Preferably, the left end of the linear coaxial waveguide is a signal input end, the coaxial connector 1 is adopted for center feeding, the signal output end is an N-level coaxial probe array sequentially arranged on the gradual change coaxial cone shell along the axial direction of the gradual change coaxial cone shell, and the ith-level coaxial probe array is formed by m-level coaxial probe arrays_iThe coaxial probes 2 are identical, i is 1-N, and the number m of coaxial probes contained in each coaxial probe array is_iIs an integer value, and m_iAnd the electromagnetic energy output by each stage of coaxial probe is determined by the coupling quantity of the stage of coaxial probe and the amplitude of output signals of all preceding stages of coaxial probes.

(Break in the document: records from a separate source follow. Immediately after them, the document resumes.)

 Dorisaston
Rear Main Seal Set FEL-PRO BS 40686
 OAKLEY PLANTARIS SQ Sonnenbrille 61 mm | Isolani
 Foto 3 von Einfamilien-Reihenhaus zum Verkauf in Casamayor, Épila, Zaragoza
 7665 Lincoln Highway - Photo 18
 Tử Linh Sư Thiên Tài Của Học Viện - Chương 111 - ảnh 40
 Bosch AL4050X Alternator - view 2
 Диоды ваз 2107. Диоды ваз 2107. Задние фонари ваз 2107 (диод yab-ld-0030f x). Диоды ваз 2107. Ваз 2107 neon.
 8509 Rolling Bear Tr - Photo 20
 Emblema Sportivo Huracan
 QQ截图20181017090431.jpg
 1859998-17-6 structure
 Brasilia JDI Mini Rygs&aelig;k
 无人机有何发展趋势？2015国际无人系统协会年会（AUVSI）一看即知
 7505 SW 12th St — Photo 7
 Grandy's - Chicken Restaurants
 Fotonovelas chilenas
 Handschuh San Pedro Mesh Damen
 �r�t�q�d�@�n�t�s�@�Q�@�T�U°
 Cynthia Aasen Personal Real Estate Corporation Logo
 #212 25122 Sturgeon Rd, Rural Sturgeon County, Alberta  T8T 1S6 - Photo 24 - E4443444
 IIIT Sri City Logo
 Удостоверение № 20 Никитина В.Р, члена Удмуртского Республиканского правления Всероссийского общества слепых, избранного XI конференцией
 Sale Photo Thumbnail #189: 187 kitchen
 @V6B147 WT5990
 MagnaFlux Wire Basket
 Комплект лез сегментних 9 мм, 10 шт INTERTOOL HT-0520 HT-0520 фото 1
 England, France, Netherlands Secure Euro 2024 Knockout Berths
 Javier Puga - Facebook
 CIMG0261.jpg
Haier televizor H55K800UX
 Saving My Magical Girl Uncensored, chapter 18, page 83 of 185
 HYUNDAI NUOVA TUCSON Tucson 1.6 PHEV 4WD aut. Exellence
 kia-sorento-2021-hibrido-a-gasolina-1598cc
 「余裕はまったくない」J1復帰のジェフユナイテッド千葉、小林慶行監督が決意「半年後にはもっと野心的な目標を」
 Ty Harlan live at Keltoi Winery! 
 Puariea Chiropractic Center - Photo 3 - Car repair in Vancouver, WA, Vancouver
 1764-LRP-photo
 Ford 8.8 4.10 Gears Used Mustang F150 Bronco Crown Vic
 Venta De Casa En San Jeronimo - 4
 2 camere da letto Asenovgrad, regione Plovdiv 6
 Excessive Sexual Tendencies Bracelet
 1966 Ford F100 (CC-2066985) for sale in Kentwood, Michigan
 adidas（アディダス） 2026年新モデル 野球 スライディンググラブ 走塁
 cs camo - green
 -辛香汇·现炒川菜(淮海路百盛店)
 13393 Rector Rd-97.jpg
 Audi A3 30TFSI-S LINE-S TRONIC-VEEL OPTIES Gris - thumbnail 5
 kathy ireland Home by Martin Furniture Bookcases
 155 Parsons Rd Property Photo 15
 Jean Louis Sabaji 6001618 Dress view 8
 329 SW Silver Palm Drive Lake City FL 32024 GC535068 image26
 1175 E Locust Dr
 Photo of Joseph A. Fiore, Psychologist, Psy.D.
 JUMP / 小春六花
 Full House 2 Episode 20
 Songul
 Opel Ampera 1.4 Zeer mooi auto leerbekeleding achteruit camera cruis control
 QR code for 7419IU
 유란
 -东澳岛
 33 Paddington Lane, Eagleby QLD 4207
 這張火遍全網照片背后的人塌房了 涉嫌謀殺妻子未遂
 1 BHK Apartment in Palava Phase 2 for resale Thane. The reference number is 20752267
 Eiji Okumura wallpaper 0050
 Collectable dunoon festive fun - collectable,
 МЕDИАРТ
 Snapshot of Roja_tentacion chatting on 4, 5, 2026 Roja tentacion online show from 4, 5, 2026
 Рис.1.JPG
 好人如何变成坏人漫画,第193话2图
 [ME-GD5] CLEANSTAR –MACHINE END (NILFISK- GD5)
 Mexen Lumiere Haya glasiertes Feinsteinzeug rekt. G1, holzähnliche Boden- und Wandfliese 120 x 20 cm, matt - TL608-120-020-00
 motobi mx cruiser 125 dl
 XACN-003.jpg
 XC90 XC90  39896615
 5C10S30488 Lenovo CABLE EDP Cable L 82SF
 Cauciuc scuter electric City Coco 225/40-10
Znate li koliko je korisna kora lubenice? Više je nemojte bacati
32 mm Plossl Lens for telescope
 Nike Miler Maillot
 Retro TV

Preferably, the waveguide cavity 5 ensures a single-mode working state of a main mode TEM mode, and because the circuit structure and the electromagnetic field distribution in the waveguide cavity have axial symmetry, the amplitudes and phases of all coaxial probe output signals of the same stage are completely the same.

Preferably, the power divider is a 3-stage 36-path three-dimensional radial power divider, the 1 st-3 rd-stage coaxial probe arrays are arranged along the axial direction of the gradient coaxial cone, the number of coaxial probes included in each-stage coaxial probe array is 4, 12 and 20 in sequence, and the total number of coaxial probes is 36.

Preferably, the coaxial connector 1 is an N-type coaxial connector.

Preferably, the coaxial probe 2 adopts an SMA type coaxial connector, and an inner core of the SMA type coaxial connector is an inner core with adjustable length.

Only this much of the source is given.